Le réseau radio de sécurité numérique Polycom, développé entre 2001 et 2015, permet à tous les organismes de sécurité du pays (police, sapeurs-pompiers, premiers secours, protection civile, services d’entretien des routes nationales, exploitants d’infrastructures critiques et, bien évidemment, armée) de communiquer entre eux. Pour ce faire, environ 750 antennes et 55 000 appareils radio, mis en réseau par les 170 commutateurs principaux et secondaires que compte le système sont utilisés. Ceux-ci ne pouvant être mis à jour, il s’agit donc de les remplacer. Initialement prévu pour se terminer en 2027, ce programme se prolongera finalement jusqu’en 2030, à moins que d’autres retards ne surviennent entretemps. La cause de ces ajournements sont multiples : fournisseur n’assurant pas les prestations prévues, recours dans les appels d’offre de l’office fédéral des douanes, migration des systèmes mal préparée, problèmes d’intégration des systèmes, etc.

Enfin, le rapport parle du réseau de données sécurisé plus (RDS+).
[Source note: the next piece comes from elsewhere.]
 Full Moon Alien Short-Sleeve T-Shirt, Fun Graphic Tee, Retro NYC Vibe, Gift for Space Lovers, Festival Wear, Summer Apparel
Il s’agit d’un réseau de transport à large bande permettant de transmettre de grandes quantités de données entre près de 120 sites utilisateurs mis en œuvre par les cantons, la Confédération et les infrastructures critiques. Fait intéressant, aucun calendrier ni aucun budget n’est alloué à ce projet, car le mandat d’initiation du projet n’a été formulé qu’en novembre dernier. Nous en saurons donc plus dans le courant de l’année.
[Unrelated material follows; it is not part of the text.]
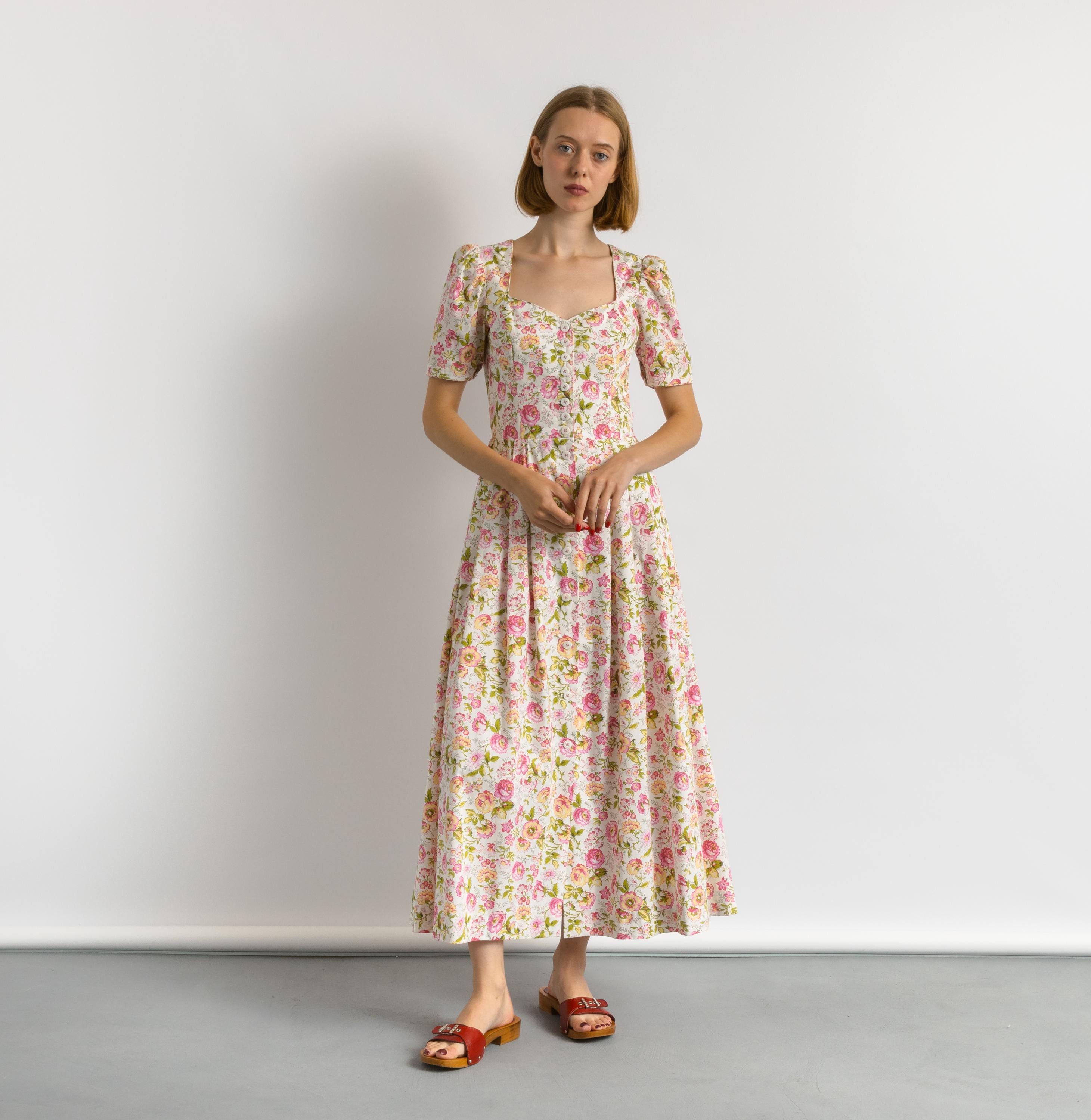 Vintage 80s Austrian Folk Dress, Pink Floral Dirndl Cottage Core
Au vu de ce qui précède, il nous semble que le très grand niveau d’interconnexion entre les projets, bien que tout à fait normal dans une optique de numérisation croissante de la société, pose un grand nombre de défis à l’armée. En effet, chaque projet dépend des autres pour être complètement fonctionnel. De plus, les différents appareils et processus étant en changement constant, il apparaît compliqué de les intégrer harmonieusement et efficacement aux infrastructures existantes, et celles à venir. Il s’agit là d’une problématique importante, à laquelle le DDPS devra répondre rapidement, au risque de mettre en service des processus et outils qui dysfonctionnent, ou dont la mise en service retardée provoquera une obsolescence anticipée des matériels, dès lors plus si nouveaux que cela.
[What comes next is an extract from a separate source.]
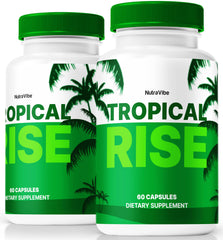 NutraVibe Tropical Rise bottle front supports daily vitality and well-being.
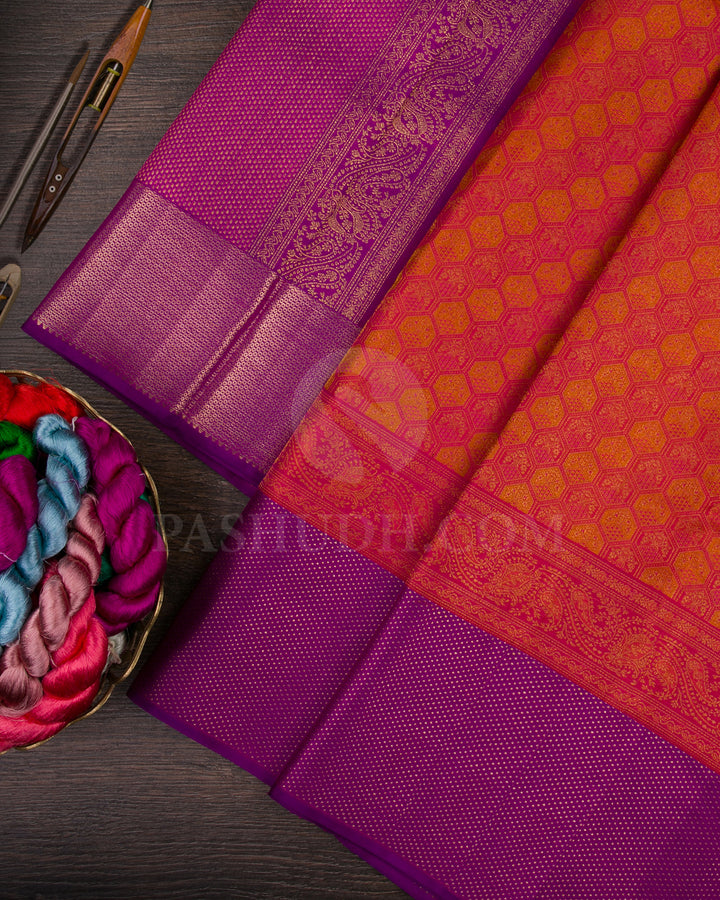 Orange Shot Pink and Magenta Kanjivaram Silk Saree - D587(A)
Deuxièmement, il semble que le DDPS, et plus précisément Armassuise, souffre d’un manque chronique de personnel, et plus particulièrement de spécialistes en informatique. Que le budget de l’armée soit effectivement augmenté ces prochaines années ou non, il semble primordial que les ressources humaines de ce service soient augmentées, de manière à éviter que les projets ne subissent retards et malfaçons à répétition. Celles-ci coûtent en effet bien plus cher que l’engagement de fonctionnaires supplémentaires. Simplement, et comme d’habitude, la droite freine des quatre fers dès qu’il s’agit d’augmenter le nombre d’employés et la masse salariale de ceux-ci, tandis que la gauche s’oppose à renforcer un office qu’elle déteste par essence. Air2030 et l’accroissement des capacités cyber de l’armée, projets phare du DDPS pour les prochaines années, nécessiteront un nombre important de spécialistes. Leur absence ne peut mener qu’à des fiascos, et donc des lacunes de notre armée au niveau capacitaires, et de gros dégâts d’image. Espérons que le monde politique s’empare de cette question primordiale en premier lieu, plutôt que d’utiliser la nouvelle manne pour engager d’autres projets plus « sexy », mais à même d’engorger un service qui l’est apparemment déjà bien assez.